▶ _Activity_
The answer is the set of lines that include "Dieter", copied from the data below.
********************
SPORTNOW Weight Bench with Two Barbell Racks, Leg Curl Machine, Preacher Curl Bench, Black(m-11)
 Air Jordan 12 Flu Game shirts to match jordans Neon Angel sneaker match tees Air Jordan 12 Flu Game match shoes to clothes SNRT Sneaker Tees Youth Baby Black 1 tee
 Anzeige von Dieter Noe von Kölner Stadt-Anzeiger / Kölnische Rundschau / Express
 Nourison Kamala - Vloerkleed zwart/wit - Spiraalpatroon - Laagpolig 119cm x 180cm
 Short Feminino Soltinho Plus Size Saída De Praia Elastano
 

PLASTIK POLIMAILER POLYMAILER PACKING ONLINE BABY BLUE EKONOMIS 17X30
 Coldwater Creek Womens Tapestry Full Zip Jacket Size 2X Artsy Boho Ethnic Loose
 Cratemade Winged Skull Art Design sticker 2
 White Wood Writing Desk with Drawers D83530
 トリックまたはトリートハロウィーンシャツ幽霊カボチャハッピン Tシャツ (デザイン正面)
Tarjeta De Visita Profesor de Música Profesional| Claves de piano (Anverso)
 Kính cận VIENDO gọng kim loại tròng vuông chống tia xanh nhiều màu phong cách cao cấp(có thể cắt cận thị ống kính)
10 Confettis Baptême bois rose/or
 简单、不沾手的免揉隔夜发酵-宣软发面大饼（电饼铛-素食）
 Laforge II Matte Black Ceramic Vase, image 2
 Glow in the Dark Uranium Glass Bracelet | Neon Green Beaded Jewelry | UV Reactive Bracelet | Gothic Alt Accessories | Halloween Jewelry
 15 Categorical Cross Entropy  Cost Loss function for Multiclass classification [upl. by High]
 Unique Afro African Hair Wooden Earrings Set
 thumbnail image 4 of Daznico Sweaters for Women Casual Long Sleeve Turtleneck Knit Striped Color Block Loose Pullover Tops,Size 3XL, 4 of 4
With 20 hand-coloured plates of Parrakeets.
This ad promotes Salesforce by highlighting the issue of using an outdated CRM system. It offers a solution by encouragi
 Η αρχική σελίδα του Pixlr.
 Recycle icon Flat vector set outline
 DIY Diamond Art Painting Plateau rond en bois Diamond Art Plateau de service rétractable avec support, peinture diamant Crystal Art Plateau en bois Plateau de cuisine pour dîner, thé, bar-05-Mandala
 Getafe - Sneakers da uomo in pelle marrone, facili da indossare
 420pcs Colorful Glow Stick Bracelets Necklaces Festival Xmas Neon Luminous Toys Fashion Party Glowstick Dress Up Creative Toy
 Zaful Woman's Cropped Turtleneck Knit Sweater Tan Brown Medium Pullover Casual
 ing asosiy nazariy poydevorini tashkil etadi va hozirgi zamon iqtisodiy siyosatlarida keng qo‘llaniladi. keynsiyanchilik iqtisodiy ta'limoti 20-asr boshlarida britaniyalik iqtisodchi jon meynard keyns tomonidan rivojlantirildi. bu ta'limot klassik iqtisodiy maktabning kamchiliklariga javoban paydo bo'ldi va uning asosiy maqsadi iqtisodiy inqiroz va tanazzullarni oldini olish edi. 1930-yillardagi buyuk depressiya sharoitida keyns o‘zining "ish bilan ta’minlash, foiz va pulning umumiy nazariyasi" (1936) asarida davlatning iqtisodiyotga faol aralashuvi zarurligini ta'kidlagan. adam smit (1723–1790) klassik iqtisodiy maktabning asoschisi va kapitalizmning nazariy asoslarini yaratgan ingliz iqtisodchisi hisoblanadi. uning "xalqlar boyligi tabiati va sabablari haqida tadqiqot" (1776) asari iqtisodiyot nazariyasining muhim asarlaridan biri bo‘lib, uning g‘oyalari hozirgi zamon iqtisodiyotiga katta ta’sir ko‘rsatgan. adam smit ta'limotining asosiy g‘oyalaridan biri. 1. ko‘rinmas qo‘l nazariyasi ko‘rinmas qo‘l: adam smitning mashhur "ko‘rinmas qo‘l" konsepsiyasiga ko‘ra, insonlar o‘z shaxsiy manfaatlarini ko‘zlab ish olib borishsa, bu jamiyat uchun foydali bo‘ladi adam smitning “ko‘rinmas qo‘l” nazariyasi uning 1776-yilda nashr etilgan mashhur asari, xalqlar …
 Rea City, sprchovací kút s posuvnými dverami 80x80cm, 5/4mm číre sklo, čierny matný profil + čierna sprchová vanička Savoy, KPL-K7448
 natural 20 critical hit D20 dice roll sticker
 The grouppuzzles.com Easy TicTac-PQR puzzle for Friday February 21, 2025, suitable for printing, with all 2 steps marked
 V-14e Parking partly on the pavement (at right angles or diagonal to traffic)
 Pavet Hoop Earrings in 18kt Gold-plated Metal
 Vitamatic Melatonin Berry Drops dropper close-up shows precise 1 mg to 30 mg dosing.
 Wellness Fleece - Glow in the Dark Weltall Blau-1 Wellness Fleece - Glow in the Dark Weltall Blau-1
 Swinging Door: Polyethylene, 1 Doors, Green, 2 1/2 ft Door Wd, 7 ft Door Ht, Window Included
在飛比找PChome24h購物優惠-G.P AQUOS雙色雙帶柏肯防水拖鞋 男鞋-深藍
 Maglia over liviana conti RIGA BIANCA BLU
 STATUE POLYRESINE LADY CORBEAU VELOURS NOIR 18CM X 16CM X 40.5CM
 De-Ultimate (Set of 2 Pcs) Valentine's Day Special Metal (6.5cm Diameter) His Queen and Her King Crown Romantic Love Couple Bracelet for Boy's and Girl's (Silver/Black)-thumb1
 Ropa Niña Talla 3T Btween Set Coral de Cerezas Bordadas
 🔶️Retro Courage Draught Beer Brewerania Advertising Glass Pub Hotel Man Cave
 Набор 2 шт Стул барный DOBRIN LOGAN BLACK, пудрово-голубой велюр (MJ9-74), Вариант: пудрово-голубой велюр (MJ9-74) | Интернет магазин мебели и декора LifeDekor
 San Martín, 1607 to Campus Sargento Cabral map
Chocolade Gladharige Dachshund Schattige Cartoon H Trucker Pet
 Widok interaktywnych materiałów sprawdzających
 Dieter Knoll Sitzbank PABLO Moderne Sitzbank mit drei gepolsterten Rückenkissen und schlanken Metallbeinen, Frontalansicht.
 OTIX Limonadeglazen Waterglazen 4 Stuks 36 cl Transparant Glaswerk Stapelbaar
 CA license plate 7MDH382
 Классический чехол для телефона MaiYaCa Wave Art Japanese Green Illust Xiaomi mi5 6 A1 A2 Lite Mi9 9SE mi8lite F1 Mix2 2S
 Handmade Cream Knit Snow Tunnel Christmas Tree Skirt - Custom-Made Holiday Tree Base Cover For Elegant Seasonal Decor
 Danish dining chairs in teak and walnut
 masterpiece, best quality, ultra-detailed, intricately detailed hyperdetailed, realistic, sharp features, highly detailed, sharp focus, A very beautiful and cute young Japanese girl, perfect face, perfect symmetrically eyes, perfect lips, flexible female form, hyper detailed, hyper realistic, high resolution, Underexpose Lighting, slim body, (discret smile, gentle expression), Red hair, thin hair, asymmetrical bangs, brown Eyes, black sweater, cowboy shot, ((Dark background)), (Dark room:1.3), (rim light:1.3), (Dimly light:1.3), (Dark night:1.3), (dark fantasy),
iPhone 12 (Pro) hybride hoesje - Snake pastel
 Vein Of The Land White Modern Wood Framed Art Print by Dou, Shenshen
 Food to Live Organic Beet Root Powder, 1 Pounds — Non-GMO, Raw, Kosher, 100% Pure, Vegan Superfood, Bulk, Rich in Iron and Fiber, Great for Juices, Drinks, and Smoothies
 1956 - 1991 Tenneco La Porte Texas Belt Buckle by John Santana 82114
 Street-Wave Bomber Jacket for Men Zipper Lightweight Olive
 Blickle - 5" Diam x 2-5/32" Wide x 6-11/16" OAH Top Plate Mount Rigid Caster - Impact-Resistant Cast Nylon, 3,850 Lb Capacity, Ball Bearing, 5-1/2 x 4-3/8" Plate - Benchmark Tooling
********************
▶ _Answer box_
 Anzeige von Dieter Noe von Kölner Stadt-Anzeiger / Kölnische Rundschau / Express
 Dieter Knoll Sitzbank PABLO Moderne Sitzbank mit drei gepolsterten Rückenkissen und schlanken Metallbeinen, Frontalansicht.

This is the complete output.